Если вы, любезный Аполлон Николаевич, признаете, и весьма справедливо, русский пикет в степи зародышем Европы (см. фельетон "С.-П‹етер›б‹ургских› ведомостей", Љ 176, 11 августа 1854 г.), то чем вы признаете подвиги, совершаемые в здешнем краю, о котором свежи еще в памяти у нас мрачные предания как о стране разбоев, лихоимства, безнаказанных преступлений? А вот вы едете от Охотского моря, как ехал я, по таким местам, которые еще ждут имен в наших географиях, да и весь край этот не все у нас, в Европе, назовут по имени и не все знают его пределы и жителей, реки, горы; а вы едете по нем и видите поверстные столбы, мосты, из которых один тянется на тысячу шагов. Конечно, он сколочен из бревен, но вы едете по нем через непроходимое болото. Приезжаете на станцию, конечно в плохую юрту, но под кров, греетесь у очага, находите летом лошадей, зимой оленей и смело углубляетесь, вслед за якутом, в дикую, непроницаемую чащу леса, едете по руслу рек, горных потоков, у подошвы гор или взбираетесь на утесы по протоптанным и – увы! где романтизм? – безопасным тропинкам. Вам не дадут ни упасть, ни утонуть, разве только сами непременно того захотите, как захотел в прошлом году какой-то чудак-мещанин, которому опытные якуты говорили, что нельзя пускаться в путь после проливных дождей: горные ручьи раздуваются в стремительные потоки и уносят быстротой лошадей и всадников. Он не послушал, разгорячился, нашумел; якуты робки и послушны; они не противоречили более; поехал и был увлечен потоком. Надпись на кресте, поставленном на дороге, свидетельствует о его гибели и предостерегает неосторожных. Подъезжаете ли вы к глубокому и вязкому болоту, якут соскакивает с лошади, уходит выше колена в грязь и ведет вашу лошадь – где суше; едете ли лесом, он – впереди, устраняет от вас сучья; при подъеме на крутую гору опоясывает вас кушаком и помогает идти; где очень дурно, глубоко, скользко – он останавливается. "Худо тут, – говорит он, – пешкьюем надо", вынимает нож, срезывает палку и подает вам, не зная еще, дадите ли вы ему на водку или нет. Это якут, недавно еще получеловек-полузверь!

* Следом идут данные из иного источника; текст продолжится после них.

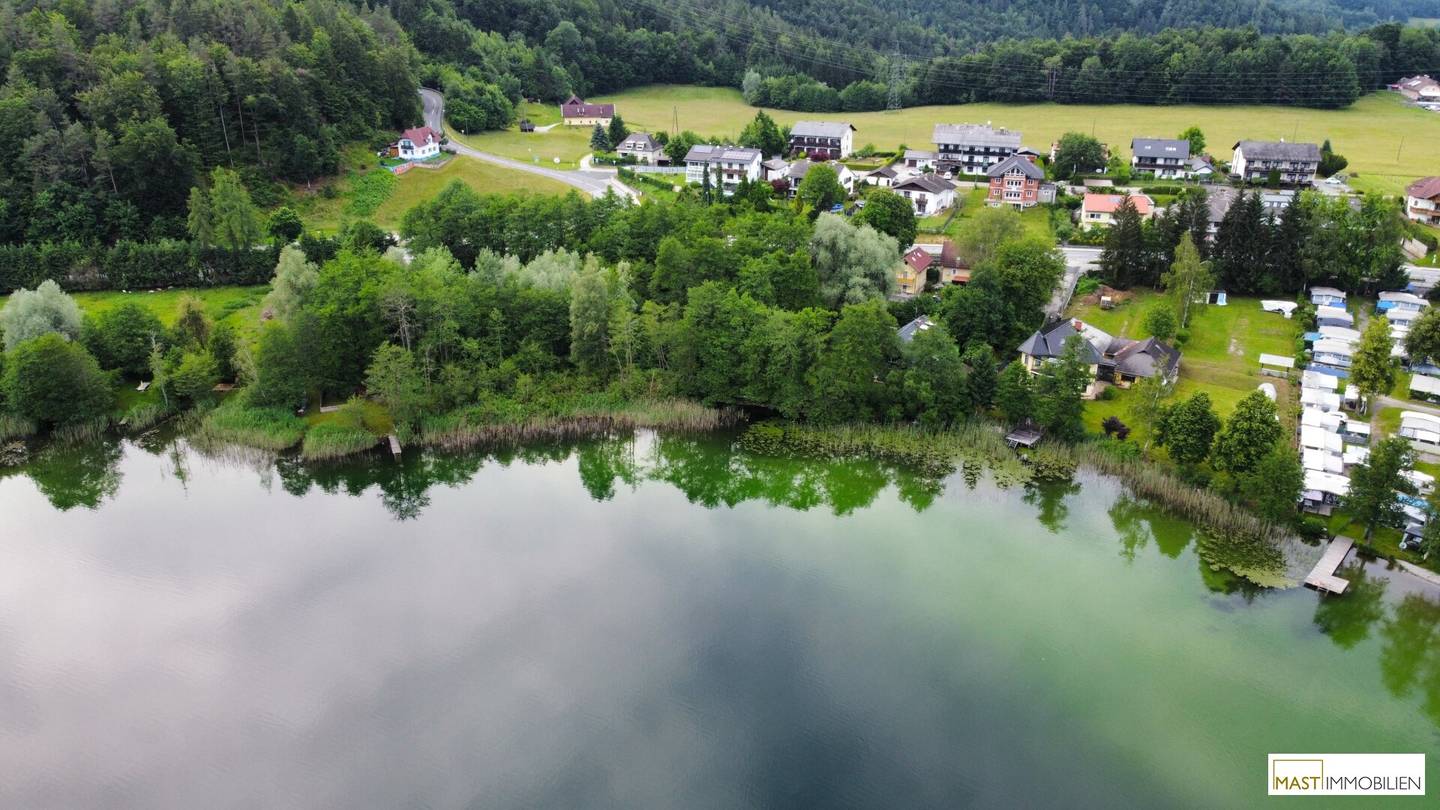 Sommerhäuschen Erika in Keutschach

"Где же страшный, почти неодолимый путь?" – спрашиваете вы себя, проехавши тысячу двести верст: везде станции, лошади, в некоторых пунктах, как, например, на реке Мае, найдете свежее мясо, дичь, а молоко и овощи, то есть капусту, морковь и т. п., везде; у агентов Американской компании чай и сахар.
Не забудьте, всё это в краю, который слывет безымянной пустыней! Он пустыня и есть. Не раз содрогнешься, глядя на дикие громады гор без растительности, с ледяными вершинами, с лежащим во всё лето снегом во впадинах, или на эти леса, которые растут тесно, как тростник, деревья жмутся друг к другу, высасывают из земли скудные соки и падают сами от избытка сил и недостатка почвы. Вы видите, как по деревьям прыгают мелкие зверки, из-под ног выскакивает испуганная редким появлением людей дичь. Издалека доносится до ушей шум горных каскадов или над всем этим тяготеет такое страшное безмолвие, что не решаешься разговором или песнью будить пустыню, пугаясь собственного голоса. А пугаться нечего: вы едете безопасно, как будто идете с Морской на Литейную. Я дорогой, от скуки, набрасывал на станциях в записную книжку беглые заметки о виденном. При свидании прочту вам их, и вы увидите подробные доказательства всему, что говорю теперь.